Let me start by saying this: bring lots and lots of tissues. “Five Feet Apart” is one of the most exquisitely written romances about terminal illness, and you will cry your heart out from the moment you meet our star-crossed lovers. For someone like me, who doesn’t enjoy romance movies, this motion picture was quite the surprise, and I cannot wait to see it again. “Five Feet Apart” was so beautifully crafted and portrayed by its actors, who no doubt had a tremendous effect on the film’s audience turnout.

“Five Feet Apart” begins by introducing us to Stella, a YouTuber with cystic fibrosis. She explains through one of her many videos what cystic fibrosis, otherwise known as CF throughout the film, is and how it affects her daily life. Stella’s life in her hospital room is exactly what you’d expect from a terminally ill teenager: bleak. She lives on a strict medication and treatment schedule, and rarely does more than that. Stella’s entire life is based around a time schedule for everything and she is seldom “off track” from that. But when she meets another CF patient named Will, her entire life comes crashing down.

Will infuriates her with his nonchalant and risky behavior, and Stella aggravates him with her controlling and optimistic attitude. They agree that they will begin doing their treatments together, as long as Stella lets Will sketch a portrait of her. At first, Stella is against the idea of Will drawing a picture of her, but her inner need to control his schedule soon overshadows that hesitation and she agrees to the deal. The pair begin to do their treatments together via FaceTime, or sometimes six feet apart in an open room, every day. As days become weeks, their situation becomes less about their deal and more about the undeniable chemistry that they share. Will and Stella are faced with the idea that people with their illness are not allowed to experience happiness and they make a choice that will define their remaining lives permanently.

For those who are unaware of the terminal condition, CF is an illness where a person has an overload of mucus buildup in their lungs and digestive system, making it incredibly hard for them to breathe or gain any weight. To most, not gaining any weight sounds like a good thing, but in reality, patients with CF cannot gain weight because their bodies do not digest the nutrients properly. Because of this lack of nutrition, patients with CF have a weak immune system. As a result of their weakened immune system, patients with CF cannot be within six feet of each other, or else they could catch each other’s bacteria. This entire dilemma is what “Five Feet Apart” is about. Will and Stella are determined to take their lives back from their illness by stealing back just one foot of space in order to be with each other and truly experience all that life offers together.

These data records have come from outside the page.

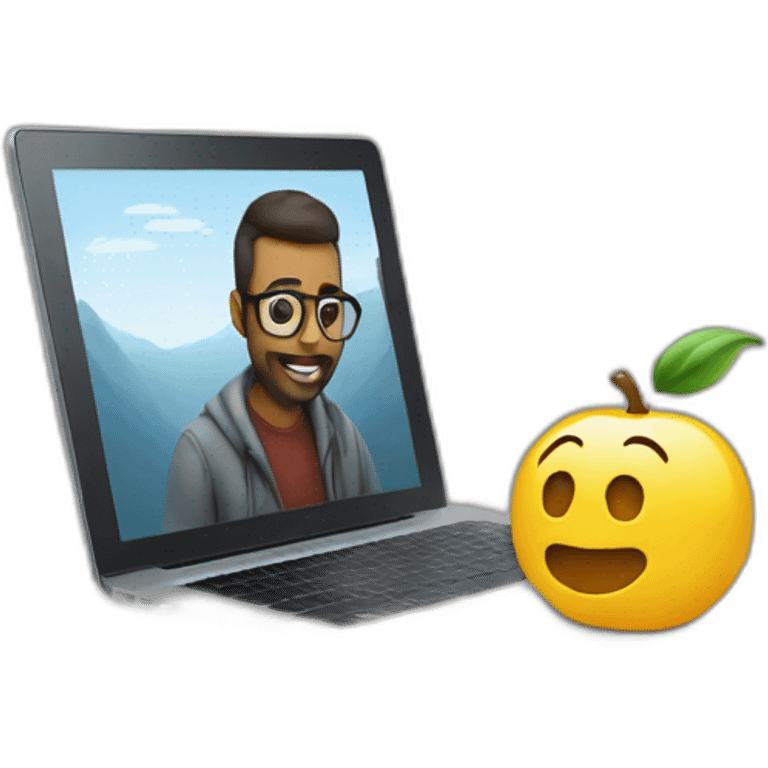 programmer codes on macbook emoji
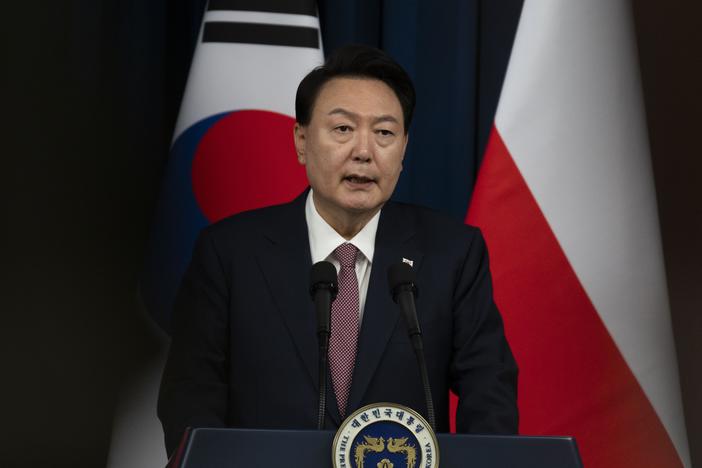 South Korean President Yoon Suk Yeol speaks during a joint press conference with Poland's President Andrzej Duda (not seen in the photo) at the Presidential Office in Seoul, South Korea, Thursday.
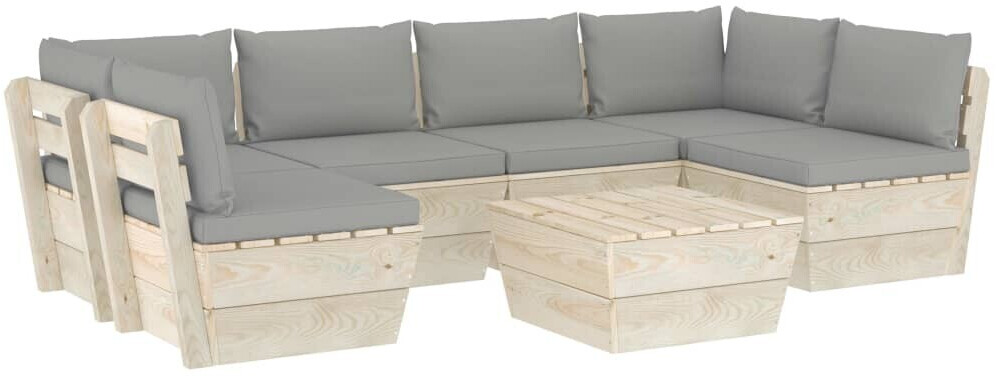 vidaXL Salon de jardin palette 7 pcs avec coussins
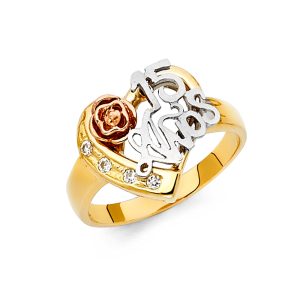 14K 3C Gold (Size 7.0) CZ 15 Years Ring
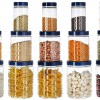 Solimo Plastic Checkered Jar Set of 15 (Royal Blue)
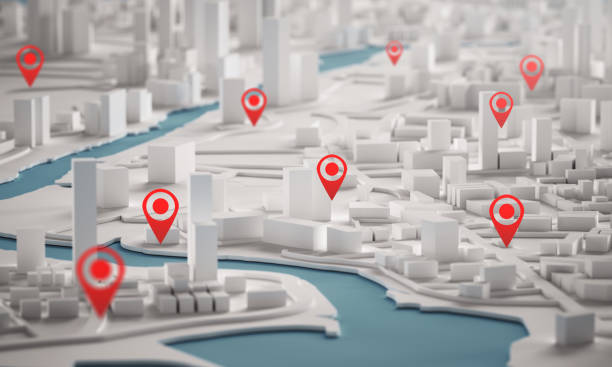 赤いポイント マップを使用した都市の建物 3d レンダリングの空中ビュー - 位置情報 ストックフォトと画像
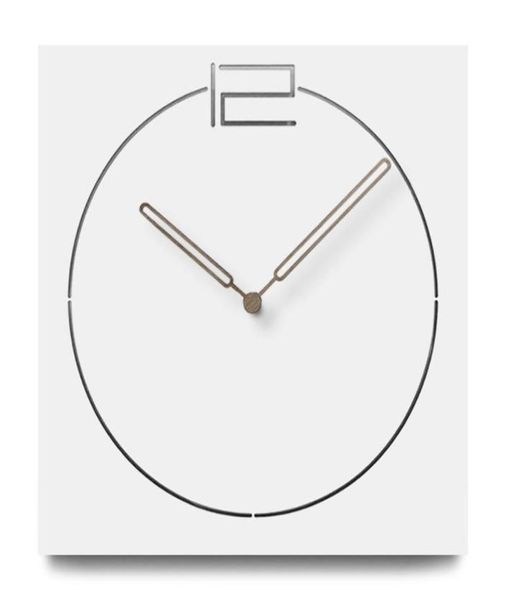 Orologi da parete Orologio moderno in legno nordico Soggiorno Creativo Semplice Europa Silenzioso fatto a mano al quarzo MDF Legno Quadrato sospeso Bianco5228779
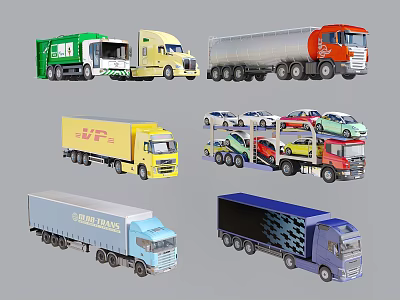 Various Types of Commercial Trucks in Different Colors and Functions 3d model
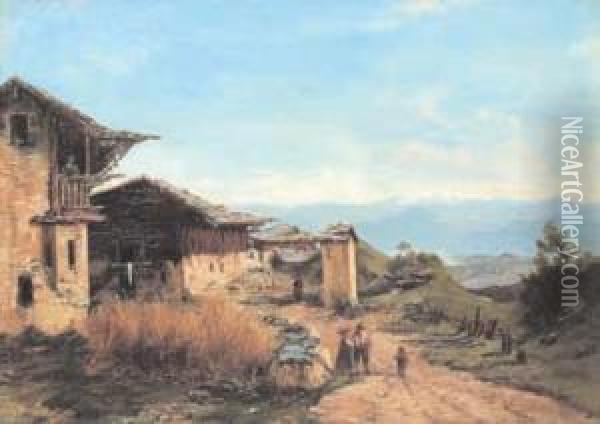 Paese Sul Lago Oil Painting - Giovanni-Battista Camuccini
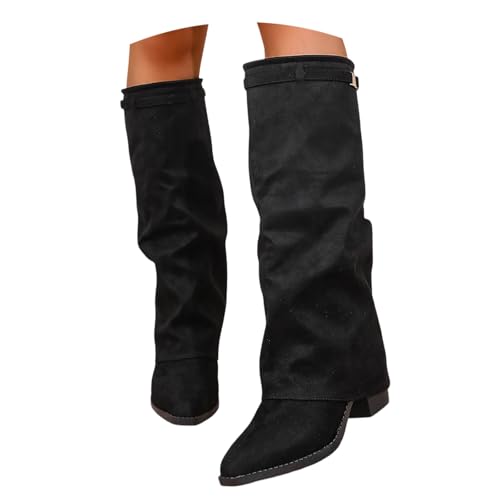 Overknees Stiefel Damen - Fold Over Shark Boots Kniehohe Stiefel mit Absatz Blockabsatz...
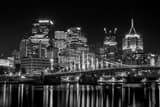Horizontal The Pittsburgh Skyline and Rachel Carson Bridge at Night black and white Photos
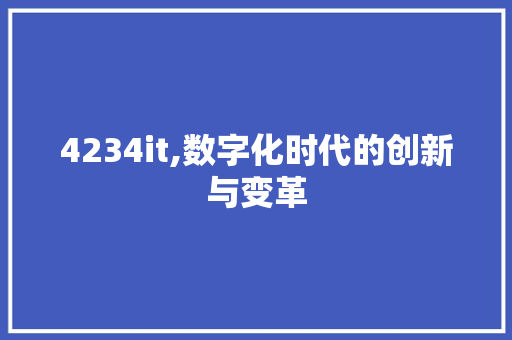 4234it,数字化时代的创新与变革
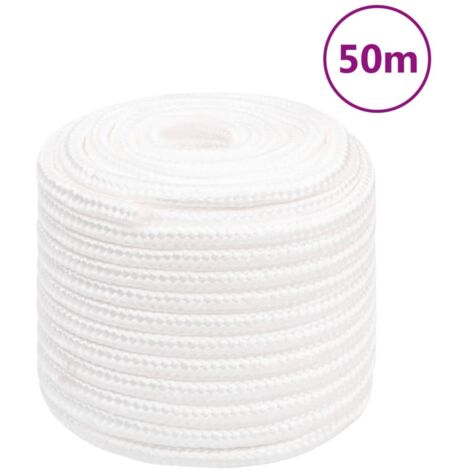 Corde de bateau，Cordage，Ligne de remorquage pour Kayak et Canoë Blanc complet 18 mm 50 m Polypropylène RIJMHX52716450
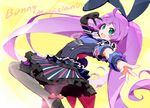  :d ahoge akata_itsuki animal_ears aqua_eyes bunny_ears fishnet_legwear fishnet_pantyhose fishnets leg_garter long_hair manaka_lala open_mouth outstretched_hand pantyhose pretty_(series) pripara purple_hair skirt smile solo twintails v v_over_eye yellow_background 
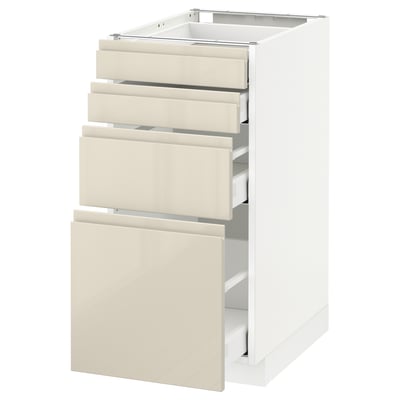 METOD kitchen unit with 3 drawers, high gloss beige, rectangular, modern design.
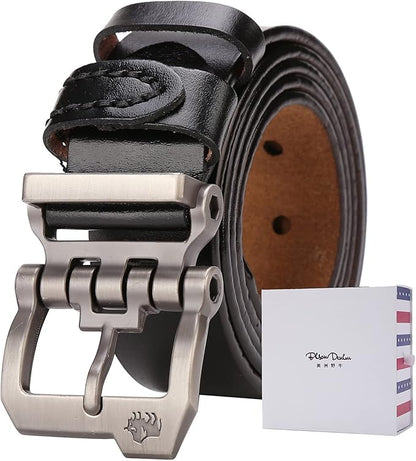 BISON DENIM Men's Belts Leather Dress Genuine Leather Classic Heavy Duty Buckle Belt Casual for Jeans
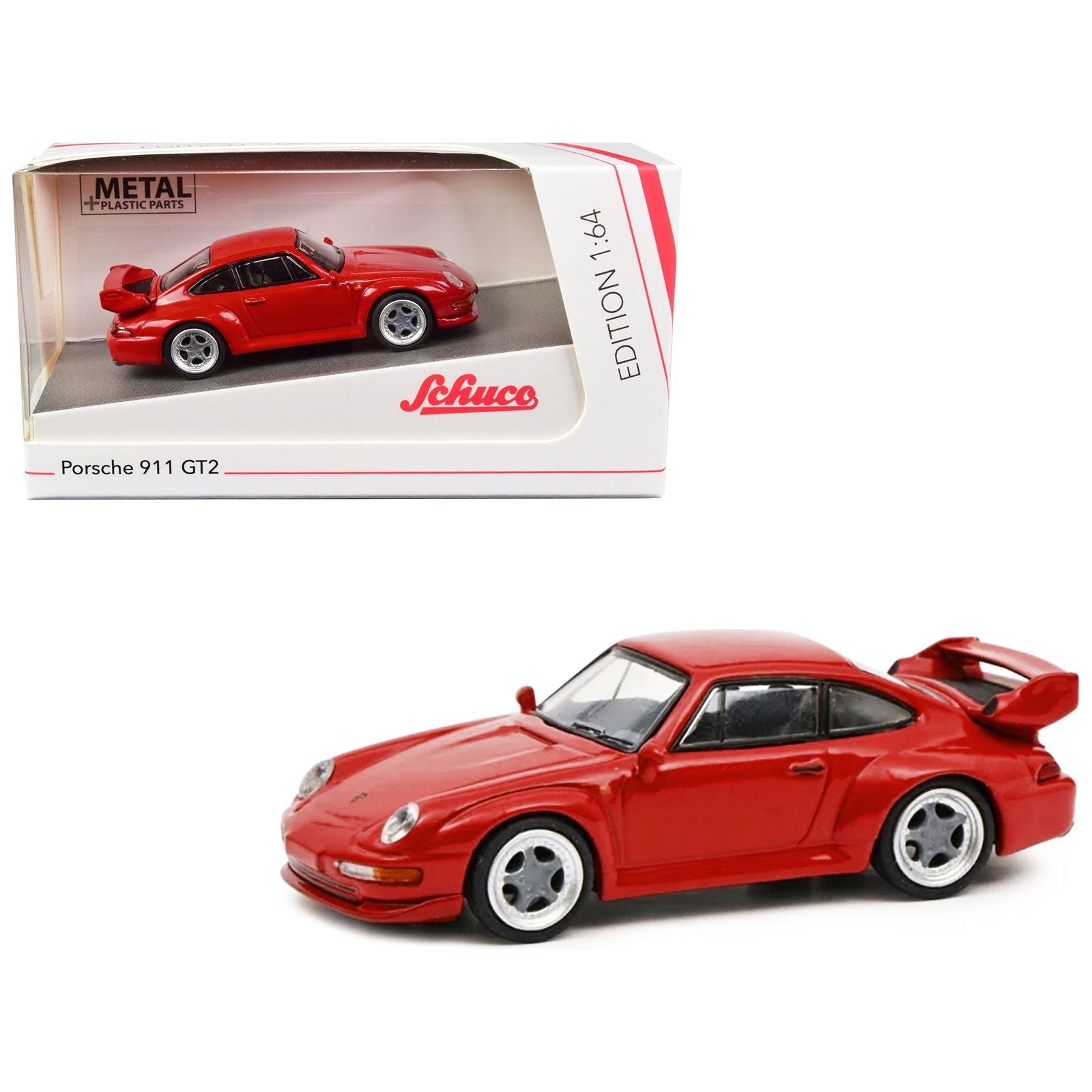 Porsche 911 GT2 Red 1/64 Diecast Model Car by Schuco - Schuco - ModelCars.com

“Five Feet Apart” had so many great dynamics that made it into a showstopper, that it’s hard to pick just one. However, I’ll have to say the choice of actors was one of the main aspects that turned this romance into such a gripping emotional film. Cole Sprouse, who played Will Newman, is one of the most popular young male actors of the year and well deserving of the title. He is best known from his roles as Cody, one of the twins in “The Suite Life of Zack and Cody” and as Jughead in the CW’s hit show “Riverdale.” This is the first major movie role Sprouse has taken as an actor and he did an absolutely amazing job with it. He truly portrayed the guilt and longing for normalcy that most terminally ill teenagers share in such a way that it felt like I was watching just Will, a CF patient wanting to love, and not some big Hollywood actor.

Taking into consideration the fantastic actors and emotionally gripping plotline, I would rate “Five Feet Apart” a 10/10, which is the first I’ve given out since I began reviewing. This movie was a masterpiece. I cannot wait to watch it again sometime soon.